Christmas in China is one of my favorite topics for talking about the role of foreign culture in the world’s most populous nation. China, as it has done with outside ideas for centuries, long resisted Christmas (and Christianity with it) until the day when the country absorbed the holiday and began remaking it as newly Chinese.
The nature of Christmas in China is fascinating, as I explored in an article yesterday, but it can also be baffling. In my post on eight fascinating facts about Christmas in China, number six was a trend that has long puzzled me: Chinese depictions of Santa Claus, of which there are a great many, very often portray him as playing the saxophone. There are posters of sax-playing Santa, cardboard cut-outs, plastic figurines, mall mannequins, all jamming on the sax.

It turns out that I’m not the only one curious about this trend: it also seems to puzzle a number of Chinese. Beijing-based journalist Helen Gao (who authored a fantastic Atlantic article on Christmas in China) emailed that Sina.com, a widely-read Chinese news website, had translated my article into Chinese, changing the headline to “Foreign Media Looks at China: Confusions on Why Santa Plays Saxophone.” Sina also deleted a sentence where I had noted China’s persecution of Christians and an entire section on the Taiping Rebellion. Perhaps even worse, they did not provide their many readers a link back to the Washington Post site.

The Sina.com translation of my article received 400 responses, many of them debating the question of why Chinese Santas so often carry saxophones. Out of all those, Helen writes, “no one seems to know the answer.” When she emailed again, 30 minutes later, the number of responses had almost doubled to 700. By contrast, the original Washington Post blog item has received seven comments.

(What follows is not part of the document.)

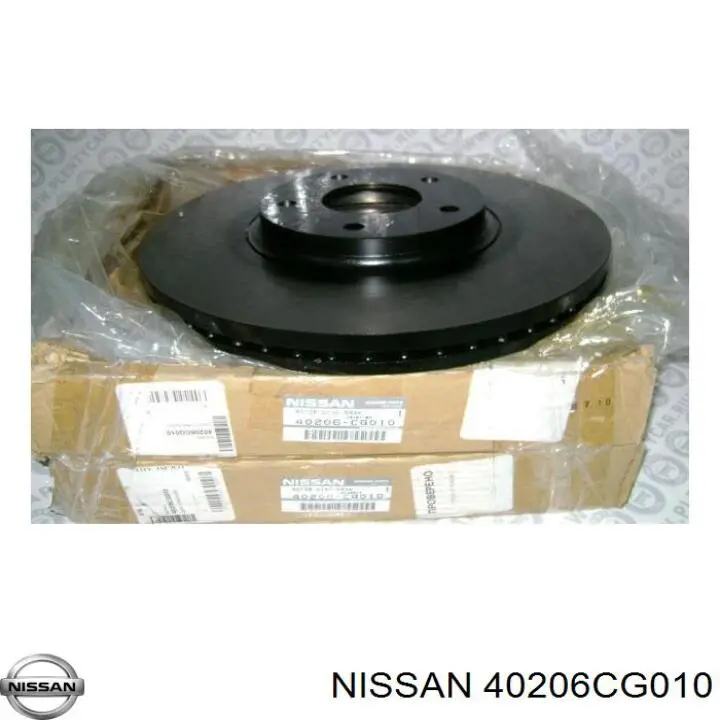 Передние тормозные диски 40206CG010 Nissan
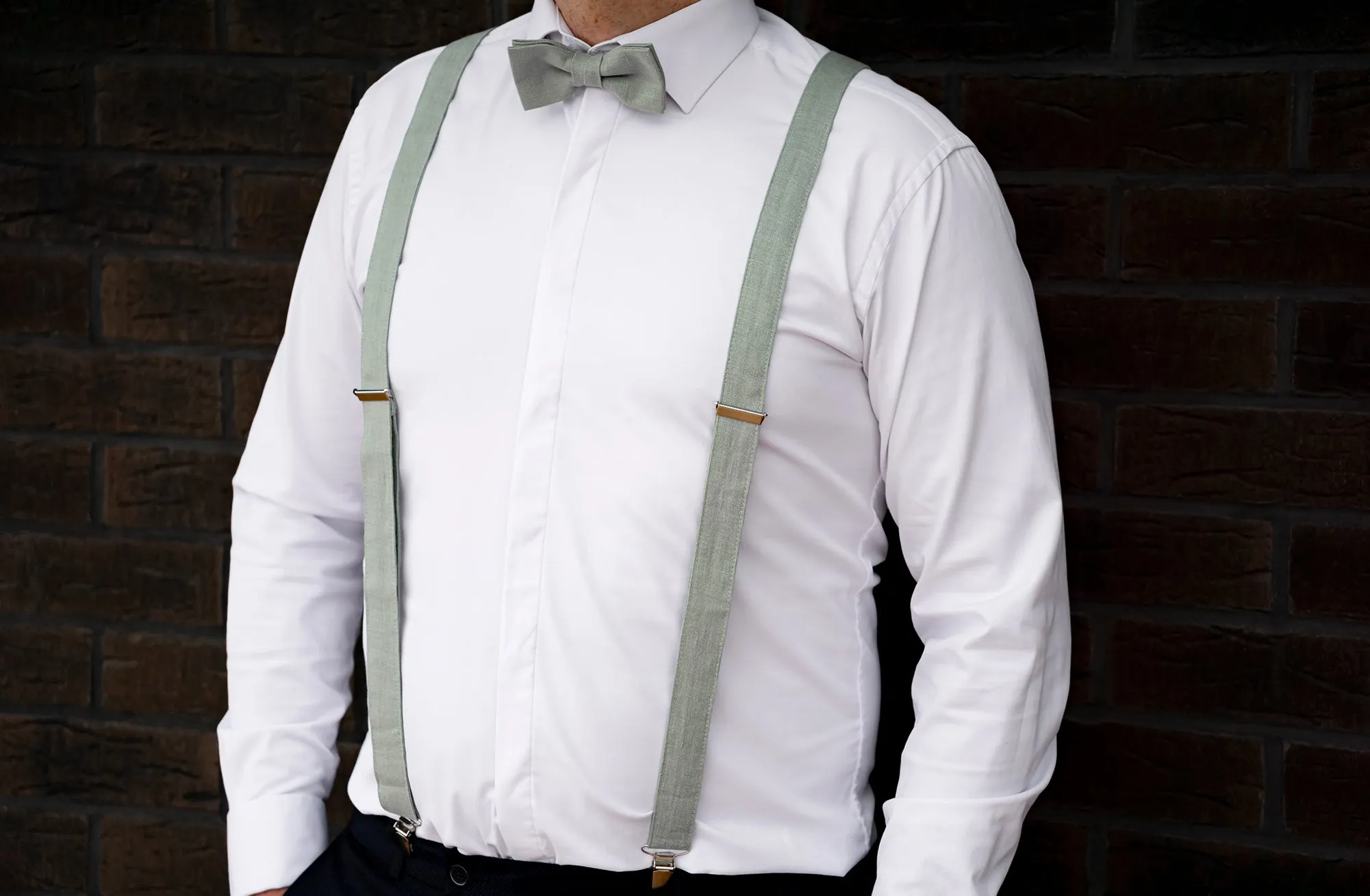 Light Gray Linen Bow Tie | Classic Men's Accessory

Helen’s theory echoes one of my commenters, mlouisa70394, who suggests it may have to do with Chinese perceptions of the saxophone as romantic and cool. Helen writes, “My guess is that it perhaps has to do with the fact that saxophone is obviously an instrument with a Western origin, which fits Santa’s image, and is portable so Santa can make Christmas music anywhere he goes. Sound like enough reason for Chinese to lump the two together?” One of the Sina.com commenters, according to Helen’s translation, joked that it could be worse: “At least our Santa isn’t playing erhu!”